2. Apesar de, à luz daquela única frase determinante de Gn 3, 7, a resposta à interrogação parecer inculcar sobretudo o caráter relativo da vergonha original, contudo a reflexão sobre todo o contexto imediato permite descobrir o seu fundo mais imanente. Aquela vergonha, que sem dúvida se manifesta na ordem “sexual”, revela uma dificuldade específica de advertir a essencialidade humana do próprio corpo: dificuldade, que o homem não tinha experimentado no estado de inocência original. Assim, de fato, se podem entender as palavras “cheio de medo, porque estou nu”, as quais colocam em evidência as conseqüências do fruto da árvore do conhecimento do bem e do mal no íntimo do homem. Por meio destas palavras desvela-se certa fratura constitutiva no interior da pessoa humana, quase uma ruptura da original unidade espiritual e somática do homem. Este dá-se conta pela primeira vez que seu corpo cessou de beber da força do espírito, que o elevava ao nível da imagem de Deus. A sua vergonha original traz em si os sinais de uma específica humilhação comunicada pelo corpo. Esconde-se nela o germe daquela contradição, que acompanhará o homem “histórico” em todo o seu caminho terrestre, como escreve São Paulo: “Sinto prazer na lei de Deus, de acordo com o homem interior. Mas vejo outra lei em meus membros, a lutar contra a lei da minha razão”i.

3. Assim, pois, aquela vergonha é imanente. Contém tal agudeza cognoscitiva que origina uma inquietação fundamental em toda a existência humana, não só diante da perspectiva da morte, mas também diante daquela de que dependem o valor mesmo e a dignidade da pessoa no seu significado ético. Em tal sentido a vergonha original do corpo (“estou nu”) é já medo (“cheio de medo”) e anuncia a inquietação da consciência ligada à concupiscência. O corpo, que não está sujeito ao espírito como no estado de inocência original, tem em si um foco constante de resistência ao espírito e ameaça de algum modo a unidade do homem-pessoa, isto é, a natureza moral, que mergulha solidamente raízes na constituição mesma da pessoa. A concupiscência, e em particular a concupiscência do corpo, é ameaça específica a estrutura da autoposse e do autodomínio, por meio da qual se forma a pessoa humana. E constitui para ela também um desafio específico. Seja como for, o homem da concupiscência não domina o próprio corpo do mesmo modo, com igual simplicidade e “naturalidade” como o fazia o homem da inocência original. A estrutura da autoposse, essencial para a pessoa, é nele, em certo modo, abalada até aos fundamentos, ele de novo se identifica com ela enquanto está continuamente pronto a conquistá-la.
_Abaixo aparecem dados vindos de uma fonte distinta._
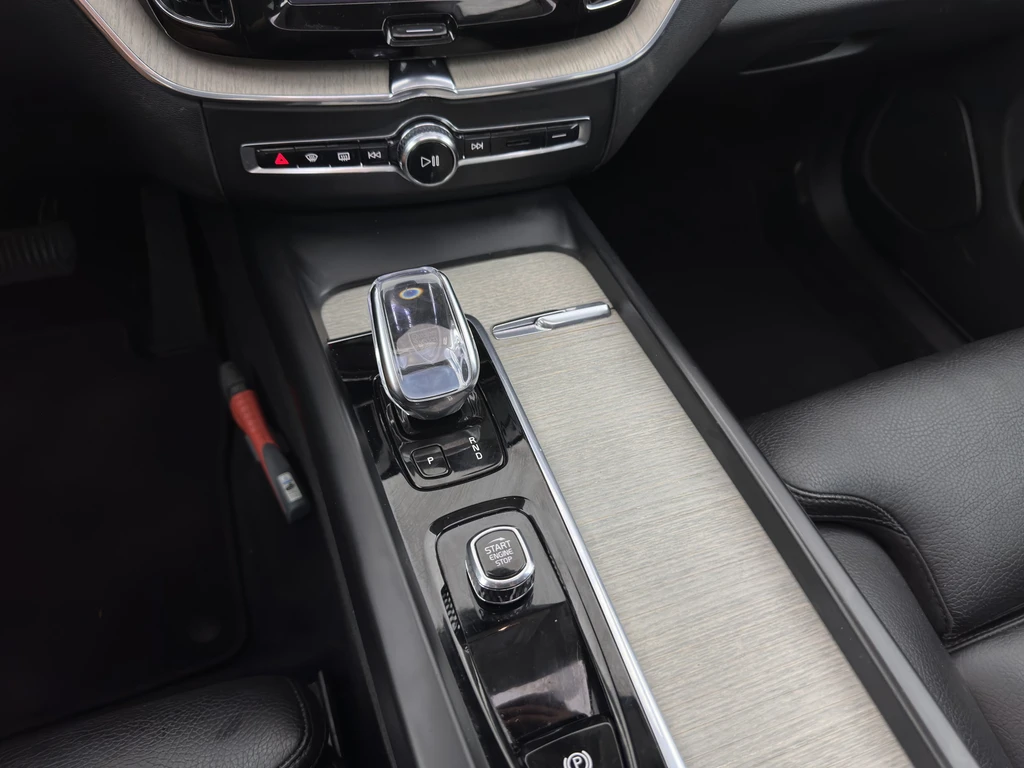 Volvo XC60 – foto 22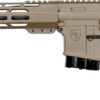 ALEXANDER TACTICAL RIFLE 6.5 - GRENDEL 18" DARK EARTH 10RD - Image 2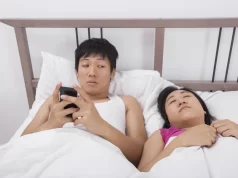 Bí quyết kiểm tra sự chung thuỷ của chồng Bí quyết kiểm tra sự chung thuỷ của chồng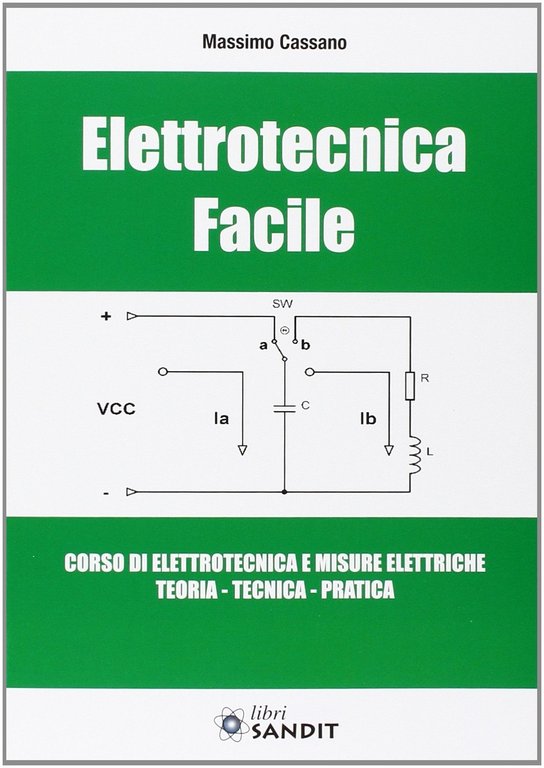 Elettrotecnica facile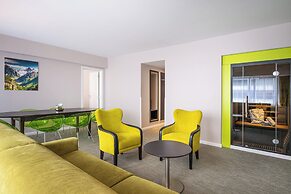 Thon Hotel Brussels City Centre
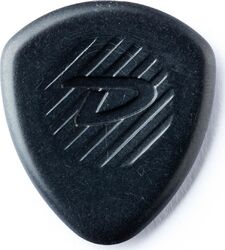 Médiator & onglet Jim dunlop Primetone 477R307 - 3.00mm ( x6 )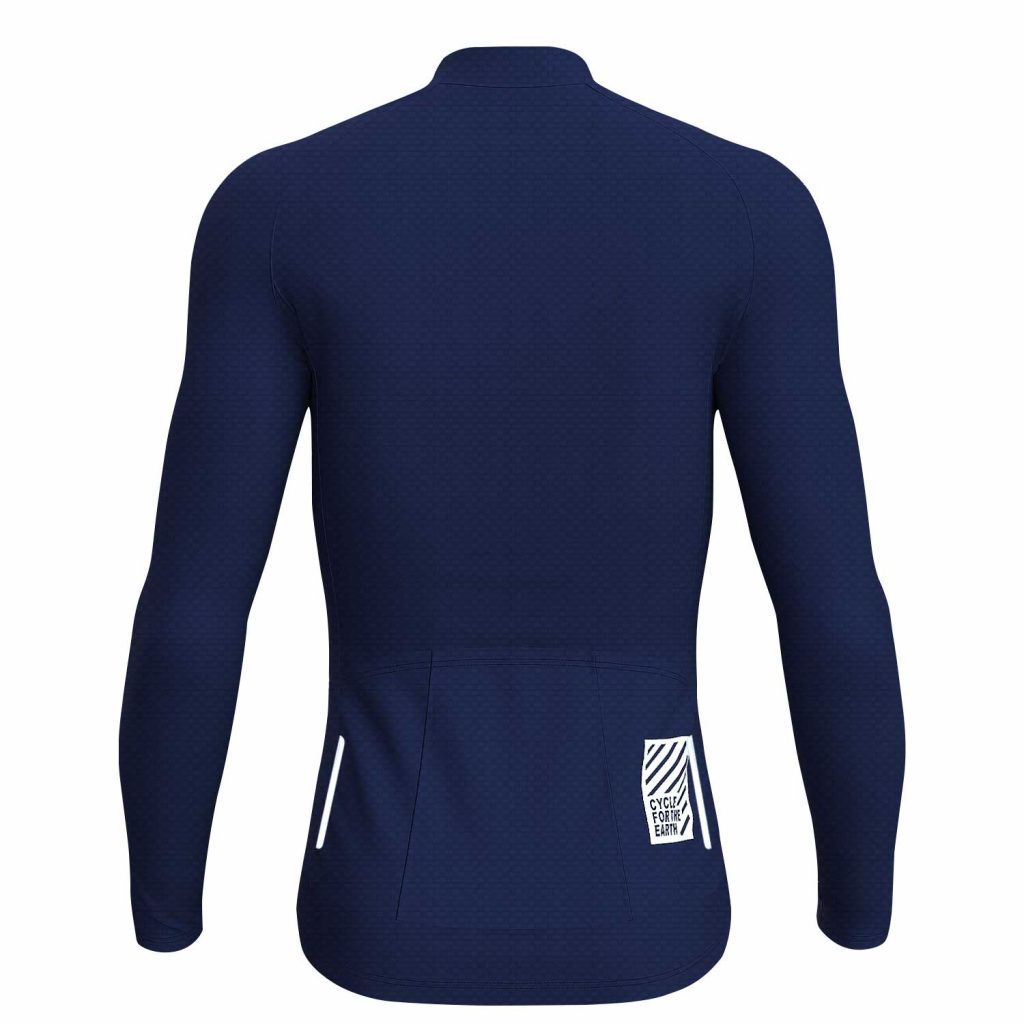 wulibike-bicycle-jerseys-men-long-sleeve-sodalite-blue-M10139-back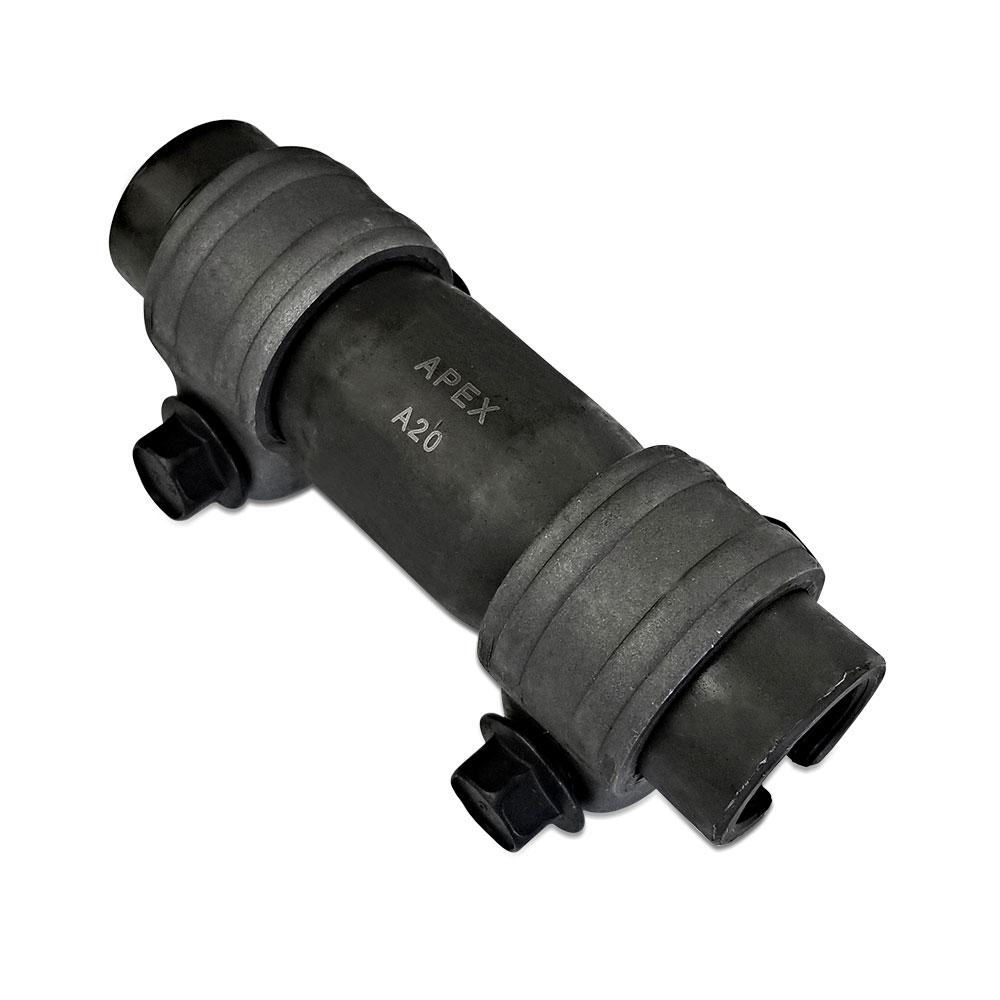Drag Link Adjusting Sleeve Pitman Arm To Connecting Rod Right Apex Chassis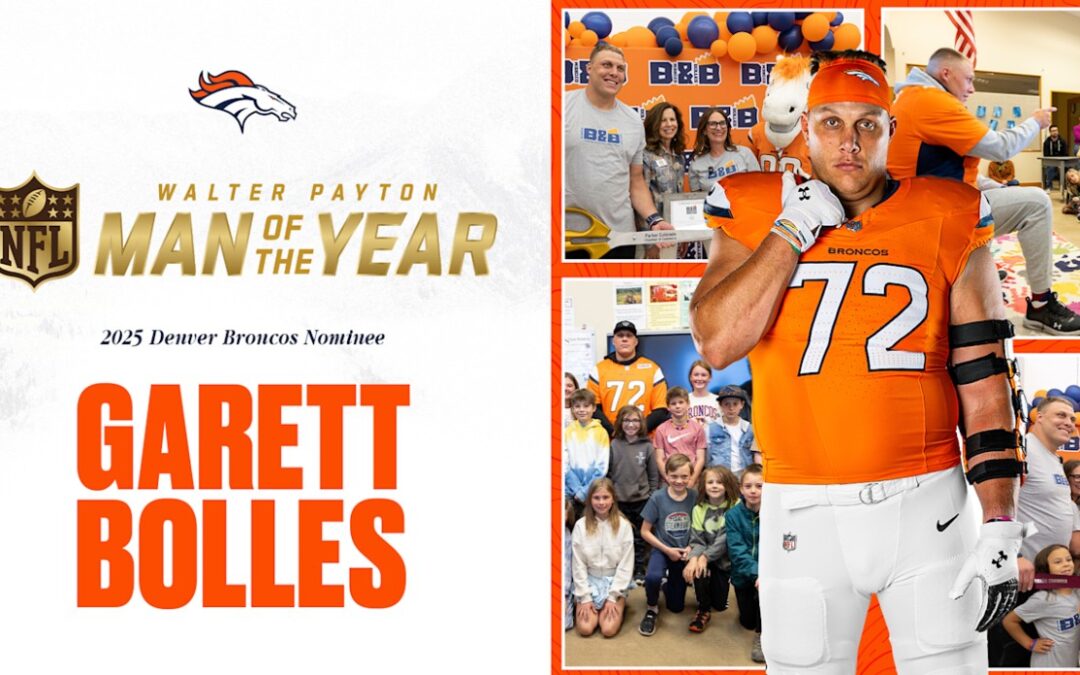 Bolles Nominado a ‘Hombre del Año’ en los Deportes Hartford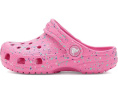 Сабо Crocs Classic Graphic для малышей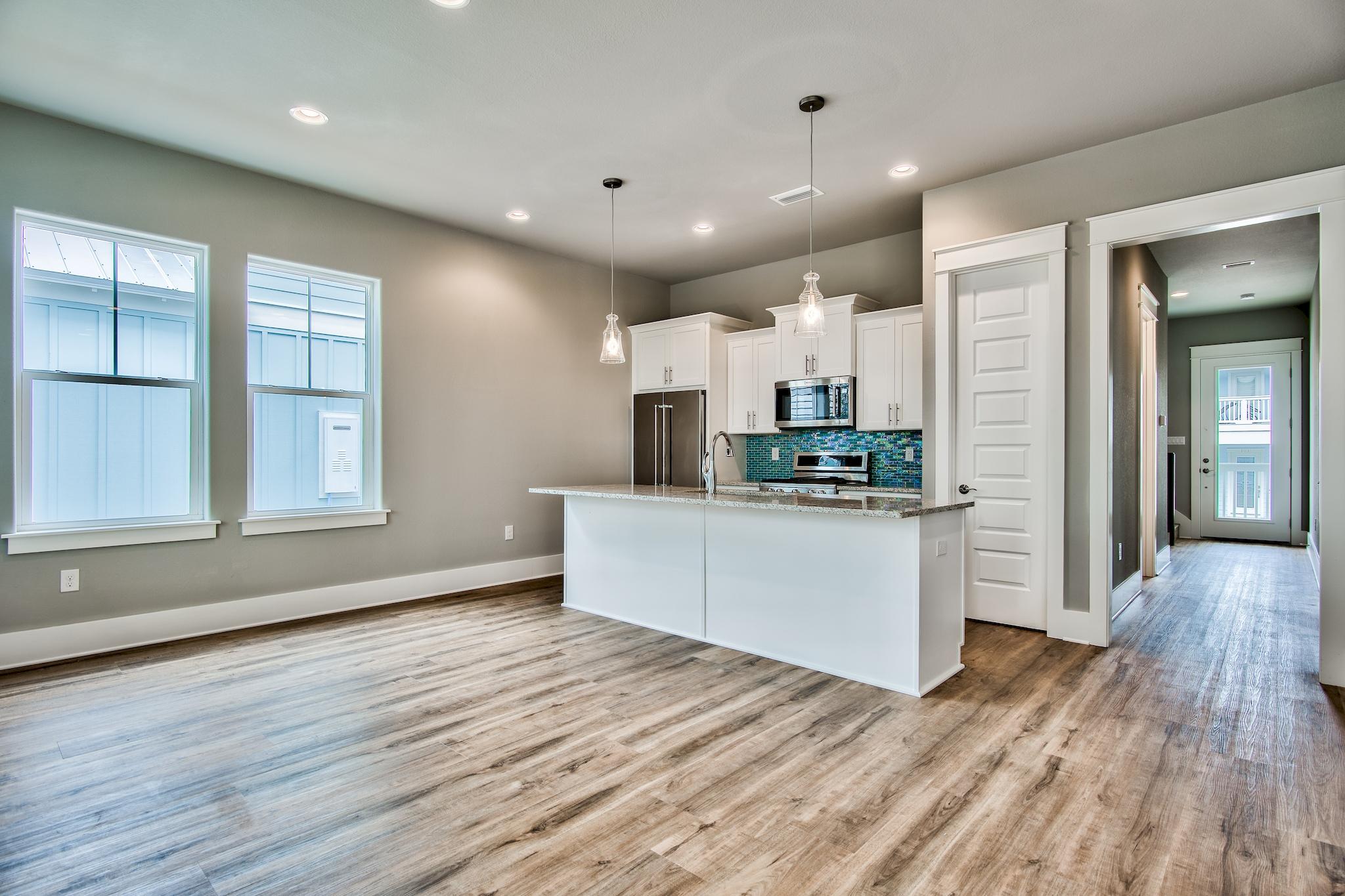 HIGHLAND PARKS - Residential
4. Com tal desequilíbrio interior está unida a vergonha imanente. E esta tem caráter “sexual”, porque exatamente a esfera da sexualidade humana parece colocar em especial evidência aquele desequilíbrio, que brota da concupiscência e especialmente da “concupiscência do corpo”. Sob este ponto de vista, aquele primeiro impulso, de que fala Gênesis 3, 7 (“reconhecendo que estavam nus, prenderam folhas de figueira umas às outras e colocaram-nas como se fossem cinturões”) é muito eloqüente; é como se o “homem da concupiscência” (varão e mulher “no ato do conhecimento do bem e do mal”) experimentasse ter simplesmente cessado, mesmo através do próprio corpo e sexo, o estar acima do mundo dos seres vivos ou “animalia”. É como se experimentasse uma específica fratura da integridade pessoal do próprio corpo, particularmente no que lhe determina a sexualidade e está diretamente ligado com a chamada àquela unidade, em que o homem e a mulher “serão uma só carne”ii. Por isso, aquele pudor imanente e ao mesmo tempo sexual é sempre, ao menos indiretamente, relativo. É o pudor da própria sexualidade “quanto” ao outro ser humano. De tal modo, o pudor é manifestado na narrativa do Gênesis 3, pelo qual somos, em certo sentido, testemunhas do nascimento da concupiscência humana. É, portanto, suficientemente clara também a motivação das palavras de Cristo sobre o homem (varão), que “olha para a mulher, desejando-a”iii, subir àquele primeiro momento, em que o pudor se explica mediante a concupiscência e a concupiscência mediante o pudor. Assim entendemos melhor porque —e em que sentido— Cristo fala do desejo como “adultério” cometido no coração, porque se dirige ao “coração” humano.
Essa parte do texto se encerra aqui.